Facts relating to Item #1:
Approximately $415,000 of the total pretax adjustment related to additional reserves the Company determined were necessary based on a refinement in the process for calculating reserve estimates. The Company, taking into account information arising out of the five fiscal quarters of operations since the acquisition, performed a more robust analysis which resulted in estimating reserves differently than had been the case in connection with the acquisition.
As noted in SFAS 141, paragraph 41 “After the end of the allocation period, an adjustment that results from a preacquisition contingency other than a loss carryforward shall be included in the determination of net income in the period in which the adjustment is determined.”
Under SFAS 38, paragraph 6, the allocation period is defined as the following, “Allocation period: The period that is required to identify and quantify the assets acquired and the liabilities assumed. The ‘allocation period’ ends when the acquiring enterprise is no longer waiting for information that it has arranged to obtain and that is known to be available or obtainable. Thus, the existence of a preacquisition contingency for which an asset, a liability, or an impairment of an asset cannot be estimated does not, of itself, extend the ‘allocation period.’ Although the time required will vary with circumstances, the “allocation period” should usually not exceed one year from the consummation of a business combination.”
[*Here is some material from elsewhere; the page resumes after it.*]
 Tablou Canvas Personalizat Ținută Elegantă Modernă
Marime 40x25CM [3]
In addition, under SFAS 154, paragraph 2(d), a change in accounting estimate is defined as the following,“Change in accounting estimate—a change that has the effect of adjusting the carrying amount of an existing asset or liability or altering the subsequent accounting for existing or future assets or liabilities. A change in accounting estimate is a necessary consequence of the assessment, in conjunction with the periodic presentation of financial statements, of the present status and expected future benefits and obligations associated with assets and liabilities. Changes in accounting estimates result from new information. Examples of items for which estimates are necessary are uncollectible receivables, inventory obsolescence, service lives and salvage values of depreciable assets, and warranty obligations.”
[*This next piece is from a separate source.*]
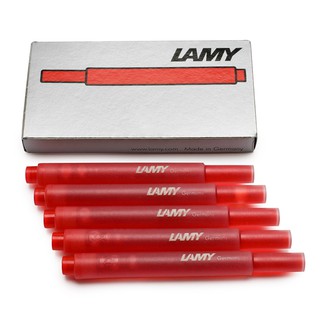 LAMY หมึกหลอด รุ่น T10 แดง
Conclusion with respect to #1:
Based on the above referenced research from SFAS 141, the adjustment related to the additional inventory reserves calculated for Rutland of approximately $415,000 was appropriately accounted for during the period in which the change in estimate occurred. The Company did not note the need for increased reserves until after the allocation period had ended for the acquisition (purchase completed in September 2004 and inventory determined to be obsolete in December 2005). In addition, under SFAS 154, changes in inventory reserves are typically noted as a change in estimate and therefore, the change should be accounted for in the period of change and future periods. The disclosures of the change in estimate as defined by SFAS 154, were disclosed in Note 2 in the consolidated financial statements as required by SFAS 154, paragraph 22.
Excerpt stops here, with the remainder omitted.